Having a notebook full of the problems, tips, and formulas you need to memorize or have troubles with to look over before the test can free you from the stress of your biggest problems. Also, giving yourself a pep talk and reassuring yourself that you can do this, will help you more than anything else.

It sounds silly, but a few deep breaths, a clear head, and some muttered affirmations can really knock the stress for a loop and reassure you on what you already know… you got this and can make a perfect score. All your hard work has lead to this, you know the math, and you’re prepared to solve the other problems. Keep up the positive mindset and any score you get will feel like a win.

13. Never stop trying

All the resources, helpful blog posts, and practice quizzes in the world won’t be able to help you if you crumble to the pressure of the ACT. A perfect score for ACT math is difficult and rare, but certainly not at all impossible for the right student with a boatload of grit, determination, and a little bit of luck.

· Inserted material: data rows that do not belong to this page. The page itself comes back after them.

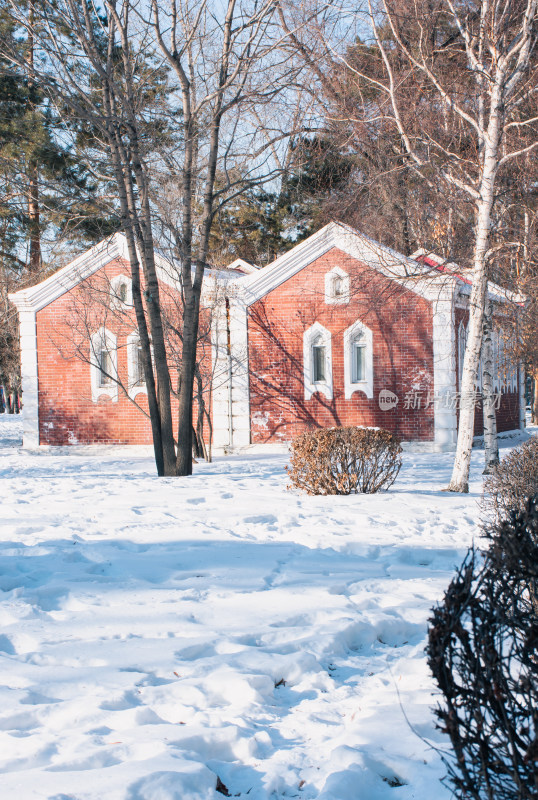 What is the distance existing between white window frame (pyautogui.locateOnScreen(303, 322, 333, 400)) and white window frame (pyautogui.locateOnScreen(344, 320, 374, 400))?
1.43 feet

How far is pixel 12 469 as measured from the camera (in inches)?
642

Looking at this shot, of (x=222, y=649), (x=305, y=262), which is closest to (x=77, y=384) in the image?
(x=305, y=262)

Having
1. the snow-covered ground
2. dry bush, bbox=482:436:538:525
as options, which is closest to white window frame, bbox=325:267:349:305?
the snow-covered ground

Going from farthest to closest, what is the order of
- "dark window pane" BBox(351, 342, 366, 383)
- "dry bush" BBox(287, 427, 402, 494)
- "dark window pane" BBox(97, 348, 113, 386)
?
"dark window pane" BBox(97, 348, 113, 386) → "dark window pane" BBox(351, 342, 366, 383) → "dry bush" BBox(287, 427, 402, 494)

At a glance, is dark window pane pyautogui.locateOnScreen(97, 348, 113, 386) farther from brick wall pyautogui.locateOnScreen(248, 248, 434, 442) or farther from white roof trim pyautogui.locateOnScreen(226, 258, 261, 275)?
white roof trim pyautogui.locateOnScreen(226, 258, 261, 275)

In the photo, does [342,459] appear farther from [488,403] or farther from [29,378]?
[29,378]

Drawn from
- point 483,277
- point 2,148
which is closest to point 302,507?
point 483,277

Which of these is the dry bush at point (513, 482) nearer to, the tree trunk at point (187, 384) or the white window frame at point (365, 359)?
the tree trunk at point (187, 384)

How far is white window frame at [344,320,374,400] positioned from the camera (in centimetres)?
1944

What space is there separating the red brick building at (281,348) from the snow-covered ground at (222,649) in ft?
34.2

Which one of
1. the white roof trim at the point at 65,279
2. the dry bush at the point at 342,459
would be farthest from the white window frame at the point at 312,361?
the dry bush at the point at 342,459

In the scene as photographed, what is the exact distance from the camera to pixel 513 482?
715 cm

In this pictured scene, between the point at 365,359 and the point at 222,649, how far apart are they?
1563cm

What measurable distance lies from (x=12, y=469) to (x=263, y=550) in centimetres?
1100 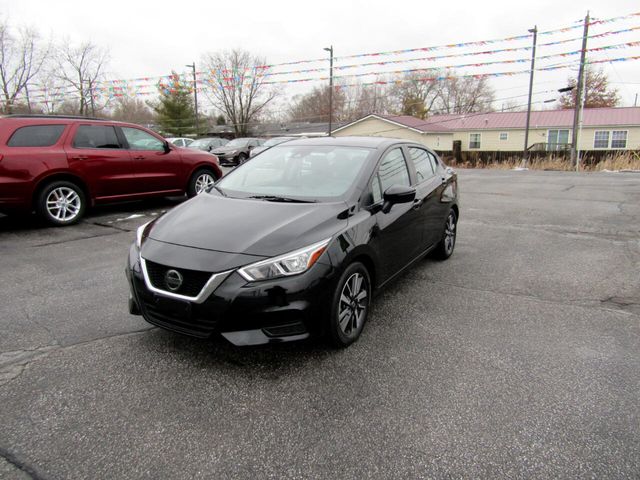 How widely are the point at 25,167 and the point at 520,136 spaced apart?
42.1 m

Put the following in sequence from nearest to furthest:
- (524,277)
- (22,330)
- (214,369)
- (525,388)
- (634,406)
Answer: (634,406)
(525,388)
(214,369)
(22,330)
(524,277)

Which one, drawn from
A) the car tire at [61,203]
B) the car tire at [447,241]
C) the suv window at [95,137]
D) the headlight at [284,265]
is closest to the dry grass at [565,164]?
the car tire at [447,241]

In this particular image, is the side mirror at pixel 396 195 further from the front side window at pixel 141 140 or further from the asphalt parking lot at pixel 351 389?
the front side window at pixel 141 140

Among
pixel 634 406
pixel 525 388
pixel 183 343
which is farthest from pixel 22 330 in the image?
pixel 634 406

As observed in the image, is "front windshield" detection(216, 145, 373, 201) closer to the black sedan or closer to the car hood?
the black sedan

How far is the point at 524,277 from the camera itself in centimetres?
493

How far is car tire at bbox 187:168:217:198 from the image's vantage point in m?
8.99

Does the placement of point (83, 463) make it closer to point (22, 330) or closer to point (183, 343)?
point (183, 343)

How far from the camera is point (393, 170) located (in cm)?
416

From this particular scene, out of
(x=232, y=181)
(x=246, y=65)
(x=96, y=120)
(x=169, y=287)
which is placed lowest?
(x=169, y=287)

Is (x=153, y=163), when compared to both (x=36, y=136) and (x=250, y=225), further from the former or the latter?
(x=250, y=225)

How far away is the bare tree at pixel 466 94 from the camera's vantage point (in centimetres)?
6234

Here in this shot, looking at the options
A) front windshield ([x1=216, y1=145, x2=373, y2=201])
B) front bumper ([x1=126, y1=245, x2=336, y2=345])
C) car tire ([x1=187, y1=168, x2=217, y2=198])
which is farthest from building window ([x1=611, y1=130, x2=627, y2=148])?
front bumper ([x1=126, y1=245, x2=336, y2=345])

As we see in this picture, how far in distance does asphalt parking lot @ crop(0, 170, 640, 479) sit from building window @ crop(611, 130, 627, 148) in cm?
3929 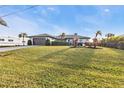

You don’t have to be super smart, an A-plus grade student, a genius or prodigy, or even good at math to aim for perfection on the ACT. All it requires is a drive so large it becomes an obsession, and a hardworking mindset. Work as hard as you can and you’ll make it, that I can say with certainty.

If you get up and keep focusing every time you mess up a practice test, if you try harder every time you make a silly mistake or forget to convert your minutes answer into seconds, if your only solution to the mistakes you make is to work harder and keep going even when the world tells you to stop… then going for a perfect ACT score is for you.

All you need is that mindset and motivation to keep you going, and you’ll be as talented, strong-willed, and as fast as the people who are ‘good’ at math or the professionals who are masters at their fields. If you can honestly say that a perfect ACT score is do or die and you will do any amount of work to get it, then you can get a perfect score.

Never give up, that’s the best skill you can bring to the test and the mantra you can use while preparing it. Never stop trying.

In conclusion

Spend time on your weaknesses, not just fixing them, but also moving to make yourself completely immune to them. Figure out how and why you are making a mistake, and then ensure you will never make that mistake again. Work with a timer and understand the time limitations you will be under so you will have ample time to answer every question, and you’ll know which questions to skip and then work on once you have finished the text and have more time.

Spend about three to five minutes on the scantron. It might not seem super important, but a messed up scantron could cause some serious problems and a mistake there could ruin your score. Taking the time to bubble it in and triple check that you got your answers in the right numbers and bubbles can really take a load off your chest and help you focus.

Finally, always keep working on getting better, and focus on managing your time so you are still sleeping, eating, and relaxing.

Then on test day, be sure to destress, take a deep breath, and know that you have done everything you can to get a perfect score and now you have to show the colleges and the world what you know.